═══ EXERCISE INPUT

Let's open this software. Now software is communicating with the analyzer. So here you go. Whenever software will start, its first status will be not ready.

══════
═══ EXERCISE INPUT

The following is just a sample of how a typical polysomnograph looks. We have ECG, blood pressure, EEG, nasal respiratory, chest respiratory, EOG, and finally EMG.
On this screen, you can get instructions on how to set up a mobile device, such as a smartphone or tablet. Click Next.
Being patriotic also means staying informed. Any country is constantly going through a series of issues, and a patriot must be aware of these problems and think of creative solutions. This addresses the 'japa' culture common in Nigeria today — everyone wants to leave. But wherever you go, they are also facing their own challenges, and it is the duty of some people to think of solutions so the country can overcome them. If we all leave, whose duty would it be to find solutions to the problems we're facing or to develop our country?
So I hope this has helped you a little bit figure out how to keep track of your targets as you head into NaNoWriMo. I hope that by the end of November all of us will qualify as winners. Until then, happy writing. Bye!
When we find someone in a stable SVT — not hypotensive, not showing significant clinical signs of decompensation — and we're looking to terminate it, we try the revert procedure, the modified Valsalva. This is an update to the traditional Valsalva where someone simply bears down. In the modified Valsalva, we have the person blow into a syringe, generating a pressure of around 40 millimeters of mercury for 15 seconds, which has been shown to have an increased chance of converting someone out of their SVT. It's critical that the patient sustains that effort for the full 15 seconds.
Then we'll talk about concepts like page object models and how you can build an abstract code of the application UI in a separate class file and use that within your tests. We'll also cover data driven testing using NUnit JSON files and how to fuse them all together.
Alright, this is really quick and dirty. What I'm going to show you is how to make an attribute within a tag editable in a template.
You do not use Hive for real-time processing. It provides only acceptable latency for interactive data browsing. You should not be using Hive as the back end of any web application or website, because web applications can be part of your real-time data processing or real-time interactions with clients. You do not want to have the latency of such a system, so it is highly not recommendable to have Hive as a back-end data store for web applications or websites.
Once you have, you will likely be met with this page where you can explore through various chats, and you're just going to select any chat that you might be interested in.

══════
═══ EXERCISE INPUT

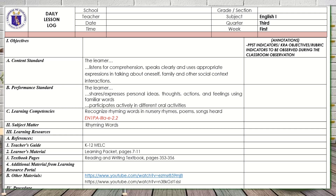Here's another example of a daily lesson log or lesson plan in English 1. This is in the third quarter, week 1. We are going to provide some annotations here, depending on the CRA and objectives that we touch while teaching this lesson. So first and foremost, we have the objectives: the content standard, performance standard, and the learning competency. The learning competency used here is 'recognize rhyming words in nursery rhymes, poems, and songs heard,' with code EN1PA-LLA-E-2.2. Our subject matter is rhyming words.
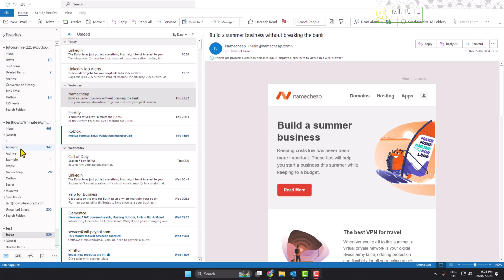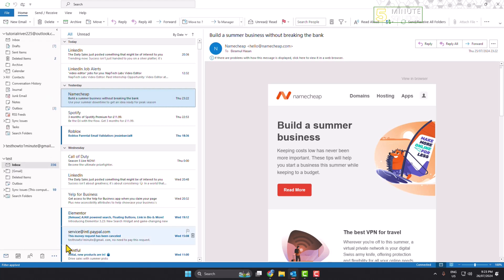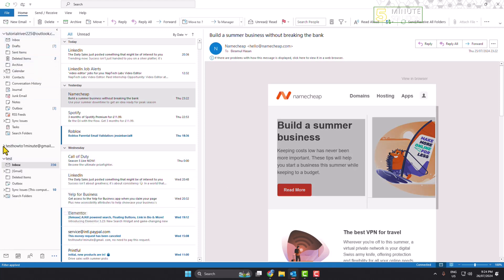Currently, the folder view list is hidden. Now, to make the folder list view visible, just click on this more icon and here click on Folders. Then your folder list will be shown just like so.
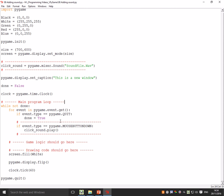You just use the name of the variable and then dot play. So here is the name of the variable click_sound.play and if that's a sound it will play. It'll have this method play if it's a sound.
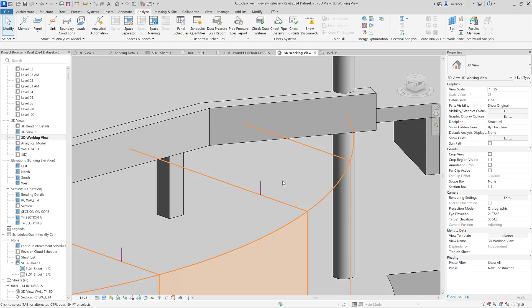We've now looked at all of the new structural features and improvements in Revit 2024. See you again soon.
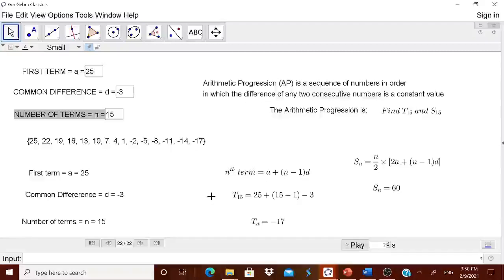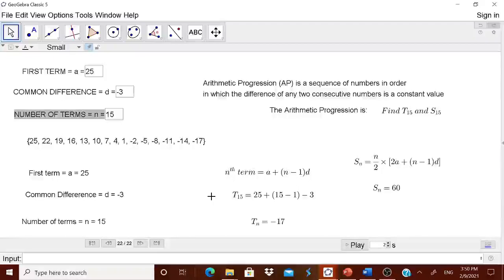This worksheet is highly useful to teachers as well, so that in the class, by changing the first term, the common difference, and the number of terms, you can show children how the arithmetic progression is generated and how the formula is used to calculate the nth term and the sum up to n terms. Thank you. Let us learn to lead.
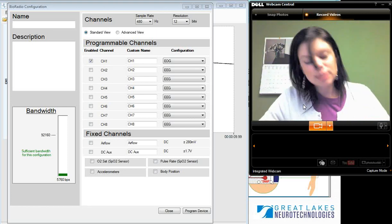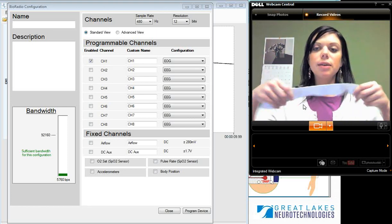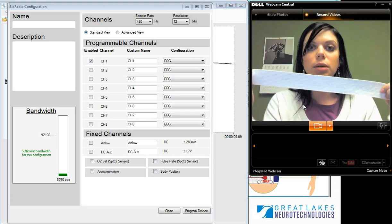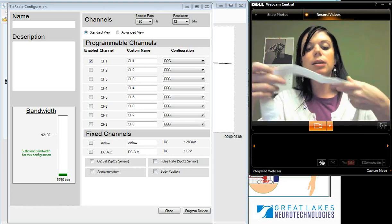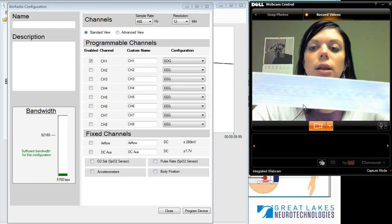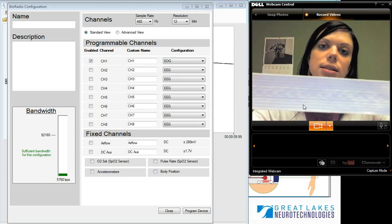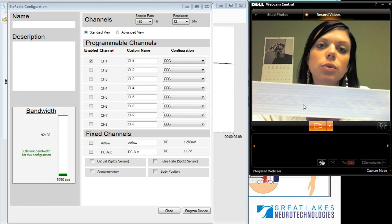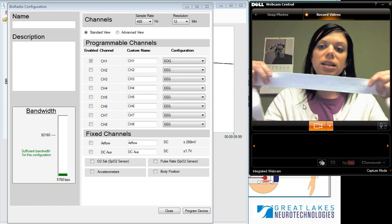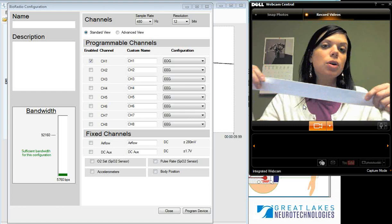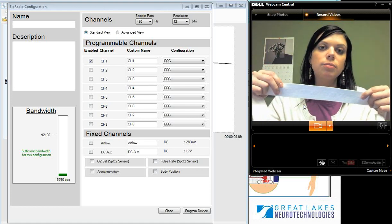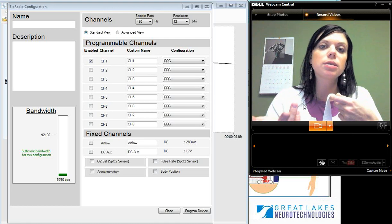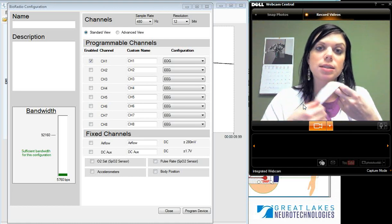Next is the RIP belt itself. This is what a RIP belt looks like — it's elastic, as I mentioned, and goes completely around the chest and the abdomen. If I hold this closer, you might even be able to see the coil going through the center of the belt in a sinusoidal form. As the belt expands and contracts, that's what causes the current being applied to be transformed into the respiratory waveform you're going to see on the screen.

══════

Look above for the line with "When we find" and the line with "Alright, this is". Write out those two lines and all the lines between them, exactly, and no others.

When we find someone in a stable SVT — not hypotensive, not showing significant clinical signs of decompensation — and we're looking to terminate it, we try the revert procedure, the modified Valsalva. This is an update to the traditional Valsalva where someone simply bears down. In the modified Valsalva, we have the person blow into a syringe, generating a pressure of around 40 millimeters of mercury for 15 seconds, which has been shown to have an increased chance of converting someone out of their SVT. It's critical that the patient sustains that effort for the full 15 seconds.
Then we'll talk about concepts like page object models and how you can build an abstract code of the application UI in a separate class file and use that within your tests. We'll also cover data driven testing using NUnit JSON files and how to fuse them all together.
Alright, this is really quick and dirty. What I'm going to show you is how to make an attribute within a tag editable in a template.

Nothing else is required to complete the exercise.